Even if you lose at POPLA, it's not binding on you and the PPC would still have to go to court if they wanted to pursue their claim. Note that you will have to exhaust the PPC's own so-called "appeals" process before POPLA will consider an appeal to them.

You should be aware that the Protection of Freedoms Act doesn't affect the legal position regarding enforceability of these tickets in any way.


Exceptions to Advice to Ignore PPC Tickets

A PPC will normally obtain the name and address of the vehicle's Registered Keeper from DVLA, and pursue them for their ticket. In some cases where you were the driver but are not the RK, leaving the PPC to pursue the RK might be more hassle or more expensive than providing your details to the PPC, naming yourself as the driver and putting up with the junk mail yourself.

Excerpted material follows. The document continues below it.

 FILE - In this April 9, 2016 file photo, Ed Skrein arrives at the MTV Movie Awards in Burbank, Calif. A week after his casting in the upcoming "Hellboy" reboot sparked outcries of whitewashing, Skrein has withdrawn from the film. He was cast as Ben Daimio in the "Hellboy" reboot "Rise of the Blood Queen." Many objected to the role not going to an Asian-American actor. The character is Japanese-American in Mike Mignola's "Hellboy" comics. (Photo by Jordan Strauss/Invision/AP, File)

For example:

  • You drive a Company car. Your employers may be unhappy about receiving a stream of claims from the PPC/debt collectors, and it could affect your relationship with them;
  • You were driving a hire car, and may incur administration charges from the hire company for dealing with the PPC letters;
  • The RK is a friend or relative who may find it too stressful to receive the threatening PPC letters (particularly since they won't have the same level of understanding as you do now!).


In these circumstances you might wish to write to the PPC telling them that you were the driver, and then carry on ignoring them after that.


Additional Information

This link will take you to a You Tube video of a BBC Watchdog piece on PPCs.

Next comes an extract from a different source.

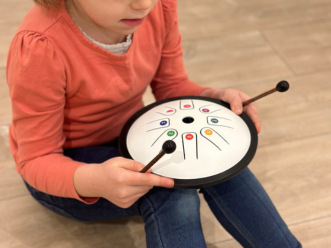 Enfant qui joue du tongue drum coloré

This summary of our recommendations and the background to them addresses the most common situations people describe in the forums. Individual circumstances do of course vary, and the decision what to do is ultimately yours, so if you are in any doubt please start your own thread for further help.
 
All getting rather silly, dontcha think?

Maybe time to refer to the ordinary man on the Clapham omnibus …….

C'mon guys and gals - 24 hours free, stay up to 2 extra 24 hour periods for £5 per £24 hours. Fail to cough up or stay longer than 72 hours in total and you're liable to find someone intent on making you wish you hadn't. Simples ……

Same old story, some people take advantage and spoil it for the rest of us. Scarce resources tied up for minimal gain.
 
I'll volunteer to squat on the moorings and collect the fees like the SRB bloke at Henley. Nice little earner even without creative accounting. Where do I apply.;)
 
Gentlemen, think on these points:-

  • It's a trial - that means (or should mean) "we'll see what happens and make appropriate adjustment" it's bound to be a bit rough around the edges.
  • It's a six month trial. it's the winter season with few regular boaters around, so time to sort out the continuous moorers
  • EA have relatively few moorings, so it's not a major upheaval whichever way...
  • With a (potentially) large influx of boats from CaRT waters as a result of their new policies, something needs to be done.